Commemorative plaques in such a block would perform a slightly different function. In great numbers they would be attached to many façades thus showing the exact house and flat where the persons worth our memories once lived rather than just indicating where and when they lived. The text on such commemorative plaque could sound something like that: “Mr or Ms [name and surname] lived and composed his/her greatest works within the period of 1967-2003 in the first section, third floor, two bedroom flat located in the residential five-section house with the typical number 1-464a-14LT”. This is all the information one needs to know because the exact place in Vilnius (Žirmūnai, Lazdynai or Karoliniškės) where the house was built or the date when it was built is absolutely irrelevant.

Of course, it would be necessary to renew such a half-memory and half-urban formation – to eliminate glazing on the balconies, replace the plastic windows with wooden ones, remove satellite dishes, replace steel doors with plywood, with some of them being covered in fake leather. Or to behave more consciously by maintaining certain features of the changing times – leaving one house with satellite dishes and glazed balconies – in such already formed enclave, as this could illustrate the 1990s. And in order to complete the exposition, an appropriate place should also be given to the turn of the century when different shops and hairdressing parlours were first seen on the ground floors of many prefabs. This element, by the way, may soon disappear because Vilnius Municipality has already declared its plan on the removal of such “transformers”.

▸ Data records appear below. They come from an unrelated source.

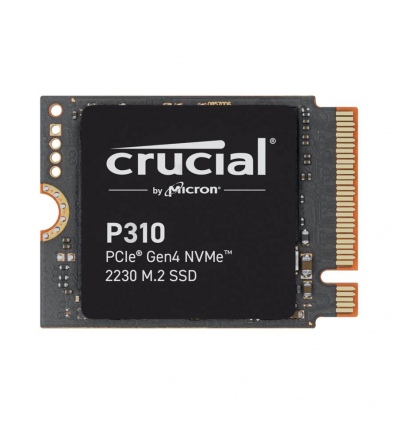 Crucial P310/2TB/SSD/M.2 NVMe/Černá/5R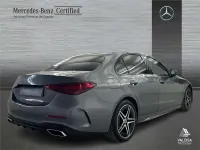 Usado Mercedes C200 163 CV (119 kW) 2025 Berlina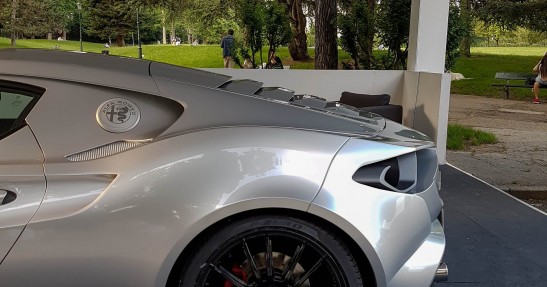 Alfa Romeo Mole Costruzione Artigianale 001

A sceptic may say that this is impossible, and, secondly, such a block would soon turn into an ugly imitation of a Soviet Disneyland, which has a place in Grūtas Park but not in Vilnius. I would not argue a lot with such imaginary sceptic. The districts of such residential prefab buildings in Vilnius may be left in their present condition for a very long time. The renovation programme for residential high-rises is being implemented at a slow pace; densification of development is still very popular inside such districts because it is cheaper. But at some point in time Vilnius will reach its critical state, when it will become more efficient to destroy old apartment houses and invite their residents to take part in the financing of new ones by gaining a profit margin by increasing their height or by using some other real estate developers’ tricks. Soviet high-rises will disappear – this is proven by the experience of larger Eastern European cities – and other, non-Soviet high-rises will take their place.

I have no special counterarguments to the second reproach concerning the Disneyland issue but instead I am going to share some of my considerations on this, illustrated by another story that is not related to Vilnius.

In 1920 after the signing of the Treaty of Versailles, Poland lost almost its entire Baltic Sea shore. They got only a small piece of land in the North West, wedged between two German ports Stettin and Danzig. The newly formed independent state decided to develop a harbour and a city there. The Poles succeeded and the founding of this new city – Gdynia – was maybe the most significant object of national pride during the interwar period. They built the city in a modern way – architects were looking around borrowing the most fashionable of the time architectural trends, starting with the Bauhaus on to ocean liners and Art Deco style.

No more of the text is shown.